For Immediate Release
February 5, 2008
Contact: Kristina Johnson (415) 977-5619
Bush Administration To Open Polar Bear Sea to Oil Drilling
Decision to Allow Drilling Ignores Threats to Alaska Natives, Polar Bears
Anchorage, AK- In spite of controversy, court challenges, and broad local opposition, the U.S. Department of Interior’s Minerals Management Service is expected to move forward tomorrow with an oil and gas lease sale for drilling in the Chukchi Sea. The Chukchi Sea, one of Alaska’s Polar Bear Seas, is home to roughly one-tenth of the world’s polar bears, as well as walruses and endangered whales. Native villages along Alaska’s North Slope rely on the sea for cultural and nutritional subsistence.
The Chukchi lease sale has been mired in controversy, with members of Congress calling for a halt. A broad coalition of conservation groups and Alaska Natives are challenging the sale in court, based on the agency’s failure to adequately assess the impacts of drilling in the fragile marine habitat. Impacts include seismic testing, tanker traffic, the use of ice-breaking vessels, and the ever present threat of an oil spill.
Controversy escalated in early January, when the Interior Department’s Fish and Wildlife Service missed a court-ordered deadline to decide whether or not to list the polar bear as "threatened" under the Endangered Species Act. The agency said it was postponing its decision for roughly one month--enough time to allow tomorrow’s lease sale to move forward first.
"It’s outrageous that the Interior Department is moving forward with drilling in the Chukchi Sea," said Sierra Club executive director Carl Pope. "The agency based its decision on unrealistic and incomplete information, ignoring scientists’ warnings about the hazards of drilling, and the fact that the local polar bears are still under consideration for endangered species protections. In light of all of the unanswered questions and agency missteps, this drilling should not be taking place at all."
"The Interior Department is in such a rush to open the fragile waters of the Arctic’s Polar Bear Seas to drilling that it has not fully considered what a major oil spill would do," Pope said. "There is no way to clean up an oil spill in the Arctic’s broken sea ice. Even in calm, open water, you can never fully clean up a spill, no matter how good your response is."

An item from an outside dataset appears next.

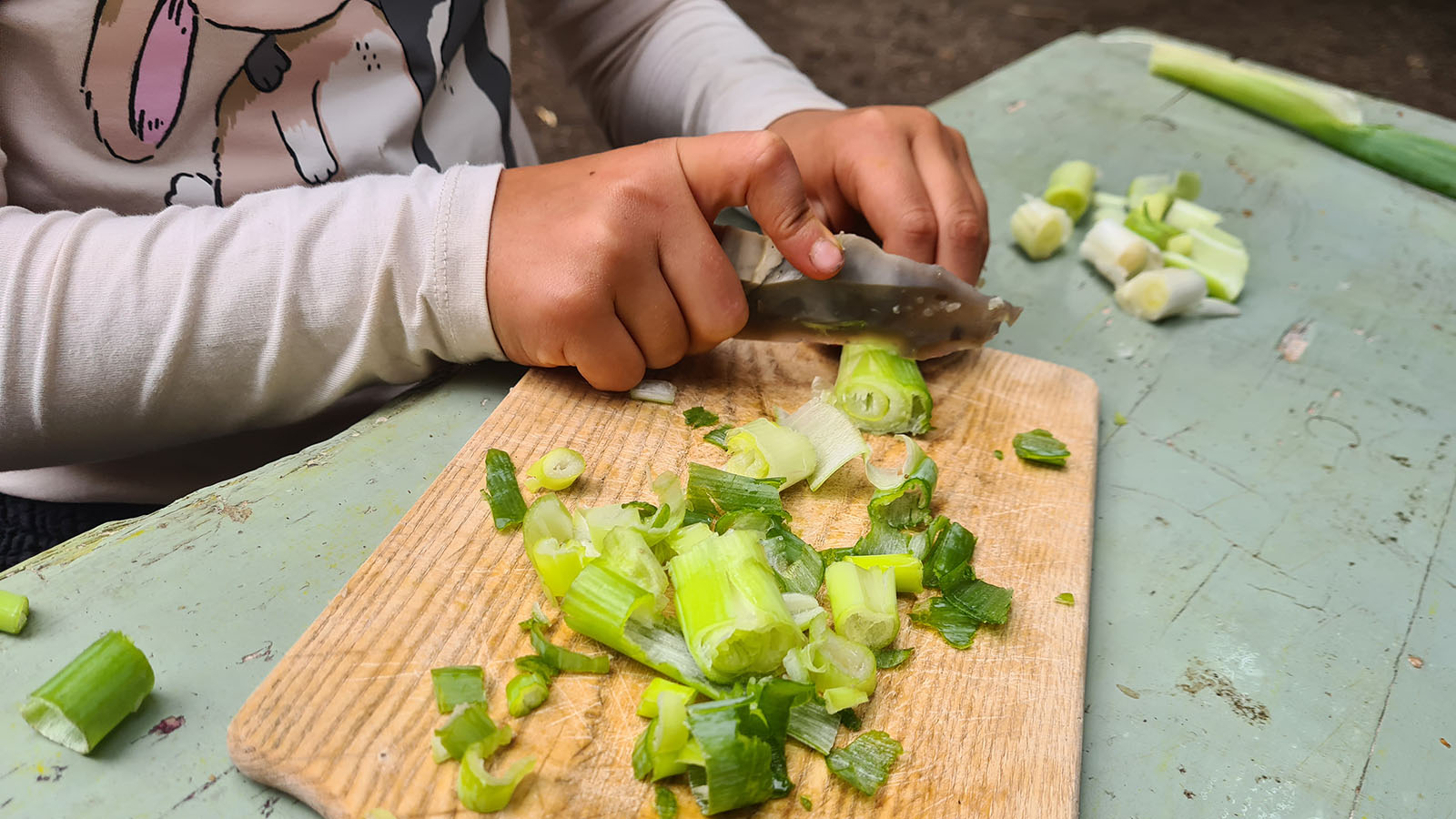 Kind schneidet Lauch mit einem Feuerstein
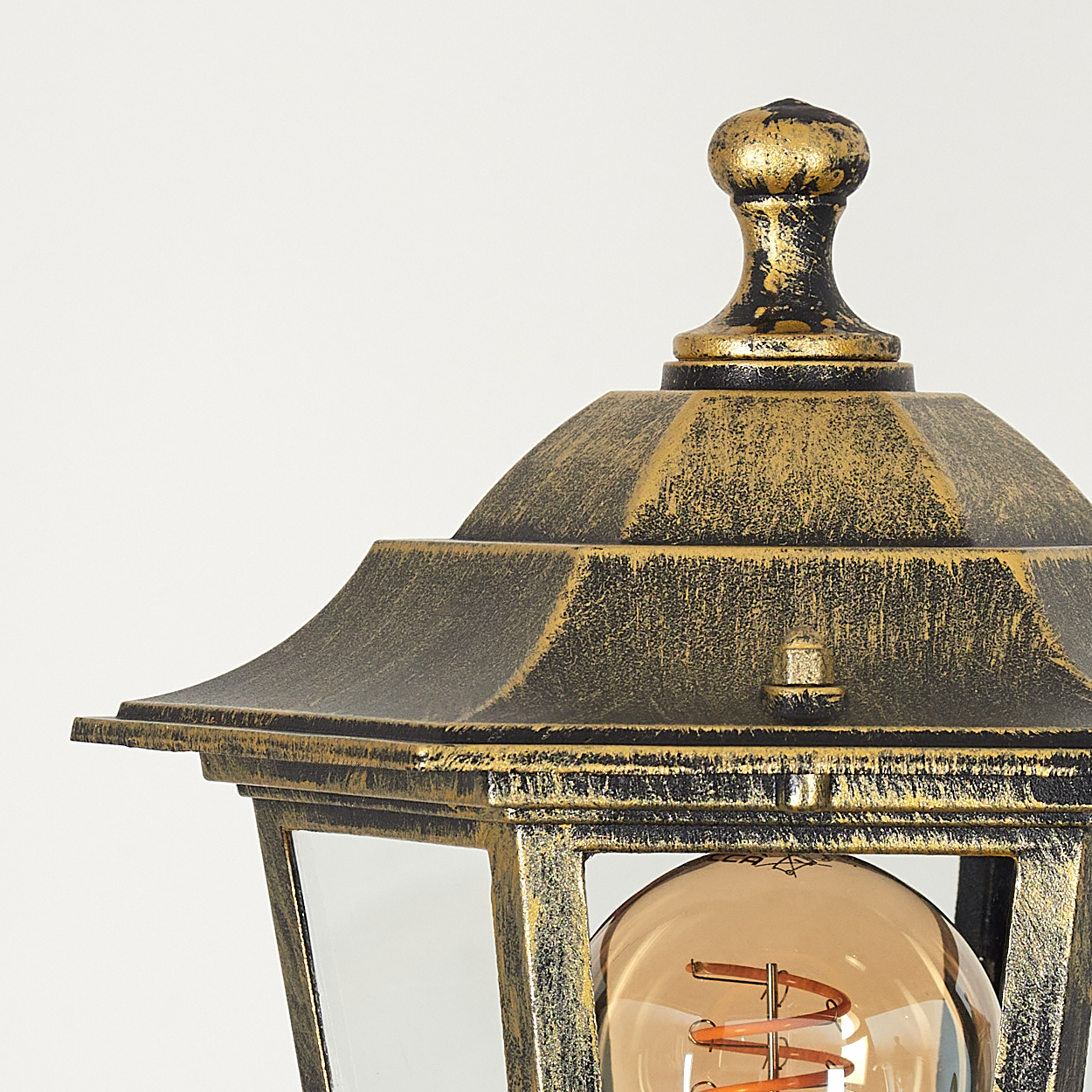 Nahaufnahme einer schwarz-goldenen Lampe. Die Lampe hat eine Glühbirne und ein detailliertes Oberteil.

"We are talking about the part of America that is being hit hardest by global warming. The sea ice polar bears rely on is melting at an alarming rate. Instead of doing everything possible to protect the Arctic and its wildlife, the Bush administration has decided to throw one more hurdle into the mix."
"The Interior Department is supposed to be a steward of America's wildlife. Judging from this decision, it is failing miserably at that charge."